Christie Offering Proposals To Alter Criminal Justice System
As President Obama tours a federal prison in Oklahoma on Thursday, Republican presidential candidate Chris Christie is set to unveil a plan of his own to reform parts of the nation’s criminal justice system.
Christie’s super PAC said Tuesday it’s raised $11 million since being formed in February, far under amounts raised by several other GOP candidates and the groups supporting them, including Jeb Bush’s $114 million, Ted Cruz’s $51 million and Marco Rubio’s $44 million. But crime rates have fallen sharply in the past two years after a Christie-backed deal replaced the city’s police force with a larger county-run one focused on having officers get to know the residents better. Police play football with children and sometimes hand out free ice cream. “What I would do as president is immediately meet with Prime Minister Netanyahu and try to fix this relationship that this president has so callously broken”. Hogan said he has six more rounds of chemotherapy scheduled. He signed bail reform legislation past year that, coupled with a voter-approved amendment to the state constitution, allows judges to release people who commit minor, non-violent crimes without bail.

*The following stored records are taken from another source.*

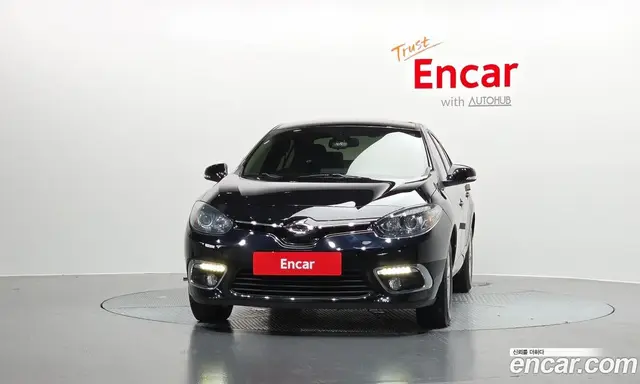 Renault (Samsung) SM3 2015 1.6 автомат (гидро), миниатюра 3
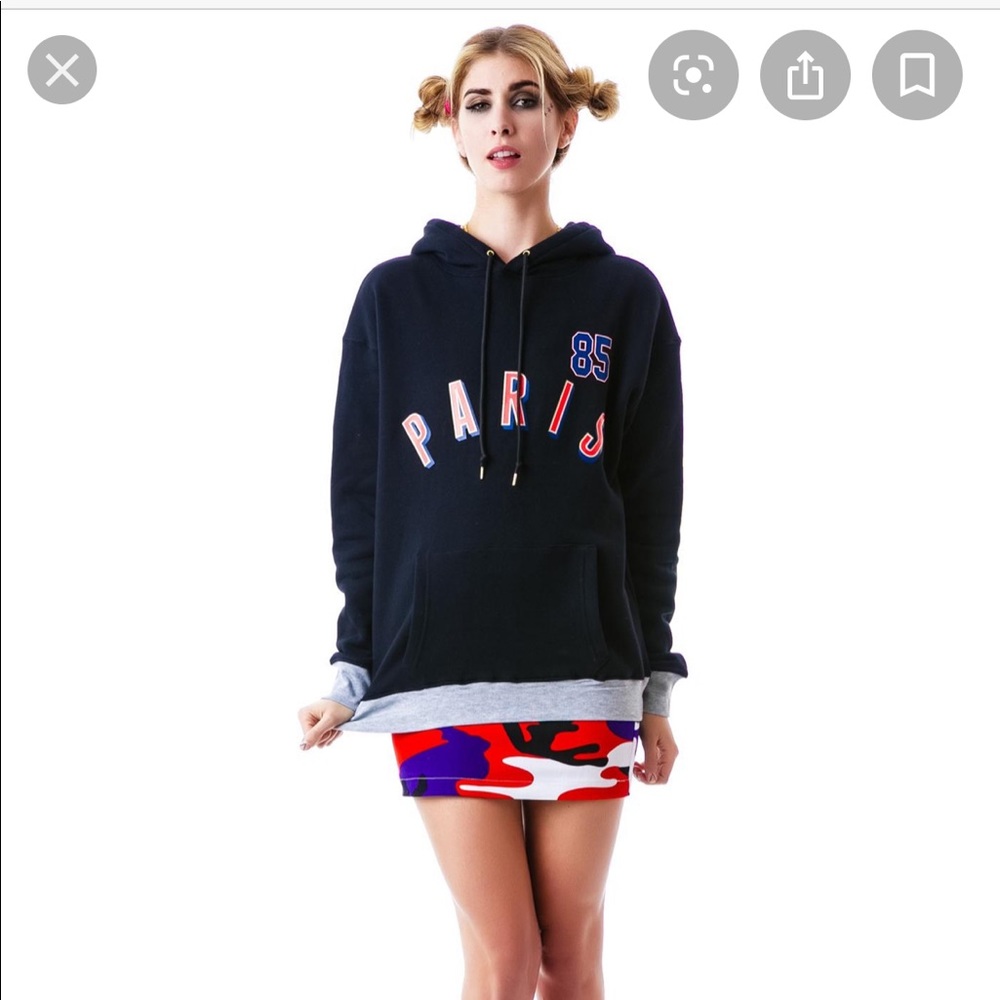 Joyrich Paris 85 hoodie
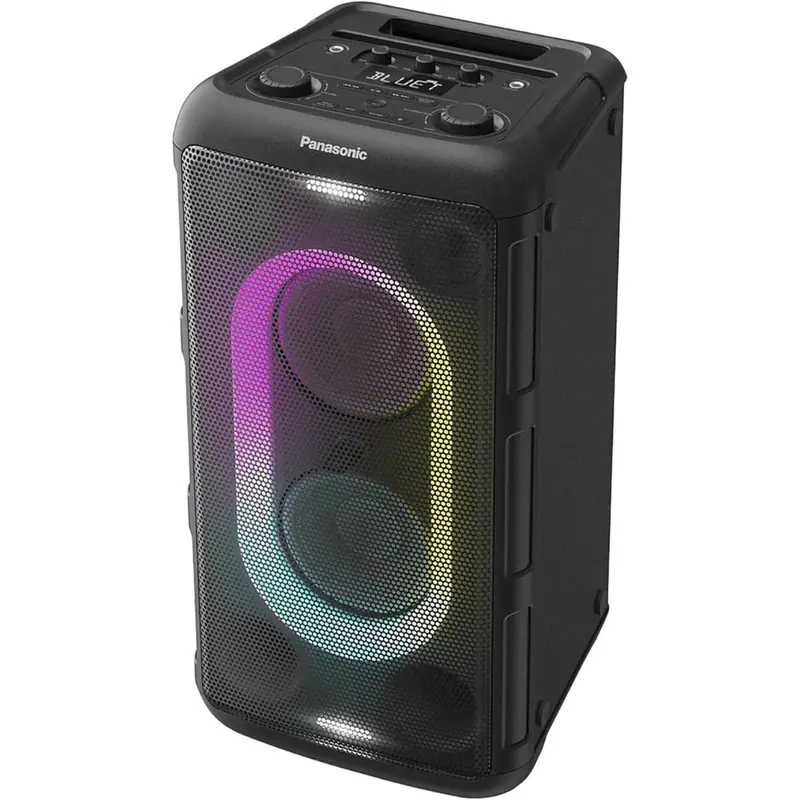Panasonic 150W Twin Boom Bmax Rgb Bluetooth Portable Speaker 1
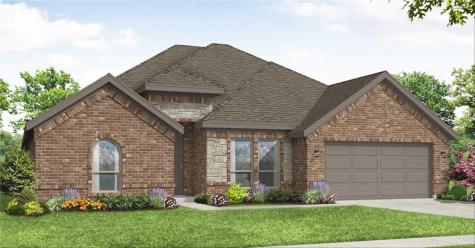 257 Dove Haven Drive Ponder TX 76259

“The protection of the state of Israel has to be a top priority of the president of the United States of America,” Christie said.
Ex-Maryland Rep. Larry Hogan Sr., father of Maryland Gov. Larry Hogan, greeting Governor Christie on Wednesday during a campaign stop in Annapolis. Under a program he championed, nonviolent drug-addicted offenders in New Jersey can be sentenced to mandatory participation in drug treatment programs instead of jail time. That is not the case in New Jersey.
Christie, a Republican who formally announced his candidacy June 30, hasn’t disclosed fund-raising totals for his campaign. “People are responding to Gov. Christie’s strength, substance and willingness to tell it like it is”.
The approach, while new to New Jersey, is similar to what federal courts already do. He said it’s a fair question for interviewers to ask, but the law at least keeps job-seekers with criminal histories from being eliminated for consideration before they have a chance to explain themselves.
The Republican governor will give a policy speech on the topic at a community center in Camden, New Jersey, emphasizing his background as a former US attorney.